*Exercise requirements*
Copy out the data that follows exactly, leaving out no line.

*Input for this task*
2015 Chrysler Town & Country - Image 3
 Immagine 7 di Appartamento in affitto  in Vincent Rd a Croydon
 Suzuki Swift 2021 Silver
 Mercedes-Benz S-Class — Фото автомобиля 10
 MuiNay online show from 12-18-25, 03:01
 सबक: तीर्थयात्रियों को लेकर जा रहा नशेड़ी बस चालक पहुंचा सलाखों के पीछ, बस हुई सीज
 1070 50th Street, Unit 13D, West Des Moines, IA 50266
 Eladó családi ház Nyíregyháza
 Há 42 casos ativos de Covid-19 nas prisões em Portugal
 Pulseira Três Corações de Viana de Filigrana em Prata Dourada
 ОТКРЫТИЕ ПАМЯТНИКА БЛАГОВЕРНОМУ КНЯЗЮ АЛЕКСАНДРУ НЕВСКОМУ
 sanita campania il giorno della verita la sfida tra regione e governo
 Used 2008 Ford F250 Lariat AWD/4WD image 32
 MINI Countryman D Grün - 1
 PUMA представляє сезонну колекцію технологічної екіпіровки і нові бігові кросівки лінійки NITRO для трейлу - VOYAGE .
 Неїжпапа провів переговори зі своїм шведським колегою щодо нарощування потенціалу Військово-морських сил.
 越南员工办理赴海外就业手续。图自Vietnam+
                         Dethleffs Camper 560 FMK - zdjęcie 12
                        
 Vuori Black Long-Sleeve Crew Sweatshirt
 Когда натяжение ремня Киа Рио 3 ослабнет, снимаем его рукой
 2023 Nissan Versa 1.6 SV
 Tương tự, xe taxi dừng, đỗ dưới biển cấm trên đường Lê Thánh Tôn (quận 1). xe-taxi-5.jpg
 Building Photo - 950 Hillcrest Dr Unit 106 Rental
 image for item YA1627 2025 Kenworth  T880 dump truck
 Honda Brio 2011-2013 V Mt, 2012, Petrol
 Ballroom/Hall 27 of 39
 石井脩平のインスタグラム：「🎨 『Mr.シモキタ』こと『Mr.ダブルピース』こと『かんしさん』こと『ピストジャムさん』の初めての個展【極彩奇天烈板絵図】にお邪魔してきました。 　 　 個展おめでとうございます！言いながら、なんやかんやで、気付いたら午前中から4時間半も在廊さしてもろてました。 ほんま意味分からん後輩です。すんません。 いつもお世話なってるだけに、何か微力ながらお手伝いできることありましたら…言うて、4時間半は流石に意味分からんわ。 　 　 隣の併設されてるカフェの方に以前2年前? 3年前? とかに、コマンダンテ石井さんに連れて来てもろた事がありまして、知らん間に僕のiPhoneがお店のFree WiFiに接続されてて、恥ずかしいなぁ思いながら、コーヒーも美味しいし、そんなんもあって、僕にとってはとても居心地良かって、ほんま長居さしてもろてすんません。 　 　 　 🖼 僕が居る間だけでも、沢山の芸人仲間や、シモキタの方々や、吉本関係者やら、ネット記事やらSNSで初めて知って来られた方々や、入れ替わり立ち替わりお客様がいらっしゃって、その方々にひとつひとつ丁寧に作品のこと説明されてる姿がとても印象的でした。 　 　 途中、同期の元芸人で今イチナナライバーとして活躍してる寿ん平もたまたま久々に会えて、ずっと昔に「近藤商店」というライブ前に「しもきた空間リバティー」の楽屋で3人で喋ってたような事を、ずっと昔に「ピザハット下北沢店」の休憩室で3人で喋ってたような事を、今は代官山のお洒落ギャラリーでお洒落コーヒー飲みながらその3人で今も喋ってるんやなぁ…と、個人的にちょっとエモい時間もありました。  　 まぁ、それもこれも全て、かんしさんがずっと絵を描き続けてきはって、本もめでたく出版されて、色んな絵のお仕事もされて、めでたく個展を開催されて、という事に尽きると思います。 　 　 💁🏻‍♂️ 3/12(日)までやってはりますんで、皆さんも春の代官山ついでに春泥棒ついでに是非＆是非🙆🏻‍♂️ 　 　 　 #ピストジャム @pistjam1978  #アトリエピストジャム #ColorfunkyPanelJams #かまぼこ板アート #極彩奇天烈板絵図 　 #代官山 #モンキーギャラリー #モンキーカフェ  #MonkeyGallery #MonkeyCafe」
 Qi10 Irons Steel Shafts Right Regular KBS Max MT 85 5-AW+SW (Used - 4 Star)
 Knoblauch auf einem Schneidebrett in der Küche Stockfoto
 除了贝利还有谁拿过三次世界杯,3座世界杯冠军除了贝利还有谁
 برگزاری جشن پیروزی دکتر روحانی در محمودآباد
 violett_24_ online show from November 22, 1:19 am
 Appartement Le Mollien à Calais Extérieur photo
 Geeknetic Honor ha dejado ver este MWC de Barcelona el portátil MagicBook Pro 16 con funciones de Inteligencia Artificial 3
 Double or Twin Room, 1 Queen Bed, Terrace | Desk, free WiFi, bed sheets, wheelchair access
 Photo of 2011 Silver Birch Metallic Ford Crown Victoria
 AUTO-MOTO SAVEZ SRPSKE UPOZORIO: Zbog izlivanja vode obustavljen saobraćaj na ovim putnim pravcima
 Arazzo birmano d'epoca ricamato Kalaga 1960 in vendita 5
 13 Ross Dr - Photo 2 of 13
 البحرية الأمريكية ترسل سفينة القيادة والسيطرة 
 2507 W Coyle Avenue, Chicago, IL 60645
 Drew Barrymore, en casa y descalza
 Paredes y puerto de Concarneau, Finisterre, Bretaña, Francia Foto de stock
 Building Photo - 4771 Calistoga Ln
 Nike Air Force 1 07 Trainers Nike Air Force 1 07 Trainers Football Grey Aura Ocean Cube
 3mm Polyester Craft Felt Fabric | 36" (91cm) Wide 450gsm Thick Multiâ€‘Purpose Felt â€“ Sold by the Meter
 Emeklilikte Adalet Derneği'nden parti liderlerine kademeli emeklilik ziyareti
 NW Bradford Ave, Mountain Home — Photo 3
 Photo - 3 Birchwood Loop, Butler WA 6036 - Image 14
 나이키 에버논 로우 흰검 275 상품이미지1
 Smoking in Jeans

*Written solution*
2015 Chrysler Town & Country - Image 3
 Immagine 7 di Appartamento in affitto  in Vincent Rd a Croydon
 Suzuki Swift 2021 Silver
 Mercedes-Benz S-Class — Фото автомобиля 10
 MuiNay online show from 12-18-25, 03:01
 सबक: तीर्थयात्रियों को लेकर जा रहा नशेड़ी बस चालक पहुंचा सलाखों के पीछ, बस हुई सीज
 1070 50th Street, Unit 13D, West Des Moines, IA 50266
 Eladó családi ház Nyíregyháza
 Há 42 casos ativos de Covid-19 nas prisões em Portugal
 Pulseira Três Corações de Viana de Filigrana em Prata Dourada
 ОТКРЫТИЕ ПАМЯТНИКА БЛАГОВЕРНОМУ КНЯЗЮ АЛЕКСАНДРУ НЕВСКОМУ
 sanita campania il giorno della verita la sfida tra regione e governo
 Used 2008 Ford F250 Lariat AWD/4WD image 32
 MINI Countryman D Grün - 1
 PUMA представляє сезонну колекцію технологічної екіпіровки і нові бігові кросівки лінійки NITRO для трейлу - VOYAGE .
 Неїжпапа провів переговори зі своїм шведським колегою щодо нарощування потенціалу Військово-морських сил.
 越南员工办理赴海外就业手续。图自Vietnam+
                         Dethleffs Camper 560 FMK - zdjęcie 12
                        
 Vuori Black Long-Sleeve Crew Sweatshirt
 Когда натяжение ремня Киа Рио 3 ослабнет, снимаем его рукой
 2023 Nissan Versa 1.6 SV
 Tương tự, xe taxi dừng, đỗ dưới biển cấm trên đường Lê Thánh Tôn (quận 1). xe-taxi-5.jpg
 Building Photo - 950 Hillcrest Dr Unit 106 Rental
 image for item YA1627 2025 Kenworth  T880 dump truck
 Honda Brio 2011-2013 V Mt, 2012, Petrol
 Ballroom/Hall 27 of 39
 石井脩平のインスタグラム：「🎨 『Mr.シモキタ』こと『Mr.ダブルピース』こと『かんしさん』こと『ピストジャムさん』の初めての個展【極彩奇天烈板絵図】にお邪魔してきました。 　 　 個展おめでとうございます！言いながら、なんやかんやで、気付いたら午前中から4時間半も在廊さしてもろてました。 ほんま意味分からん後輩です。すんません。 いつもお世話なってるだけに、何か微力ながらお手伝いできることありましたら…言うて、4時間半は流石に意味分からんわ。 　 　 隣の併設されてるカフェの方に以前2年前? 3年前? とかに、コマンダンテ石井さんに連れて来てもろた事がありまして、知らん間に僕のiPhoneがお店のFree WiFiに接続されてて、恥ずかしいなぁ思いながら、コーヒーも美味しいし、そんなんもあって、僕にとってはとても居心地良かって、ほんま長居さしてもろてすんません。 　 　 　 🖼 僕が居る間だけでも、沢山の芸人仲間や、シモキタの方々や、吉本関係者やら、ネット記事やらSNSで初めて知って来られた方々や、入れ替わり立ち替わりお客様がいらっしゃって、その方々にひとつひとつ丁寧に作品のこと説明されてる姿がとても印象的でした。 　 　 途中、同期の元芸人で今イチナナライバーとして活躍してる寿ん平もたまたま久々に会えて、ずっと昔に「近藤商店」というライブ前に「しもきた空間リバティー」の楽屋で3人で喋ってたような事を、ずっと昔に「ピザハット下北沢店」の休憩室で3人で喋ってたような事を、今は代官山のお洒落ギャラリーでお洒落コーヒー飲みながらその3人で今も喋ってるんやなぁ…と、個人的にちょっとエモい時間もありました。  　 まぁ、それもこれも全て、かんしさんがずっと絵を描き続けてきはって、本もめでたく出版されて、色んな絵のお仕事もされて、めでたく個展を開催されて、という事に尽きると思います。 　 　 💁🏻‍♂️ 3/12(日)までやってはりますんで、皆さんも春の代官山ついでに春泥棒ついでに是非＆是非🙆🏻‍♂️ 　 　 　 #ピストジャム @pistjam1978  #アトリエピストジャム #ColorfunkyPanelJams #かまぼこ板アート #極彩奇天烈板絵図 　 #代官山 #モンキーギャラリー #モンキーカフェ  #MonkeyGallery #MonkeyCafe」
 Qi10 Irons Steel Shafts Right Regular KBS Max MT 85 5-AW+SW (Used - 4 Star)
 Knoblauch auf einem Schneidebrett in der Küche Stockfoto
 除了贝利还有谁拿过三次世界杯,3座世界杯冠军除了贝利还有谁
 برگزاری جشن پیروزی دکتر روحانی در محمودآباد
 violett_24_ online show from November 22, 1:19 am
 Appartement Le Mollien à Calais Extérieur photo
 Geeknetic Honor ha dejado ver este MWC de Barcelona el portátil MagicBook Pro 16 con funciones de Inteligencia Artificial 3
 Double or Twin Room, 1 Queen Bed, Terrace | Desk, free WiFi, bed sheets, wheelchair access
 Photo of 2011 Silver Birch Metallic Ford Crown Victoria
 AUTO-MOTO SAVEZ SRPSKE UPOZORIO: Zbog izlivanja vode obustavljen saobraćaj na ovim putnim pravcima
 Arazzo birmano d'epoca ricamato Kalaga 1960 in vendita 5
 13 Ross Dr - Photo 2 of 13
 البحرية الأمريكية ترسل سفينة القيادة والسيطرة 
 2507 W Coyle Avenue, Chicago, IL 60645
 Drew Barrymore, en casa y descalza
 Paredes y puerto de Concarneau, Finisterre, Bretaña, Francia Foto de stock
 Building Photo - 4771 Calistoga Ln
 Nike Air Force 1 07 Trainers Nike Air Force 1 07 Trainers Football Grey Aura Ocean Cube
 3mm Polyester Craft Felt Fabric | 36" (91cm) Wide 450gsm Thick Multiâ€‘Purpose Felt â€“ Sold by the Meter
 Emeklilikte Adalet Derneği'nden parti liderlerine kademeli emeklilik ziyareti
 NW Bradford Ave, Mountain Home — Photo 3
 Photo - 3 Birchwood Loop, Butler WA 6036 - Image 14
 나이키 에버논 로우 흰검 275 상품이미지1
 Smoking in Jeans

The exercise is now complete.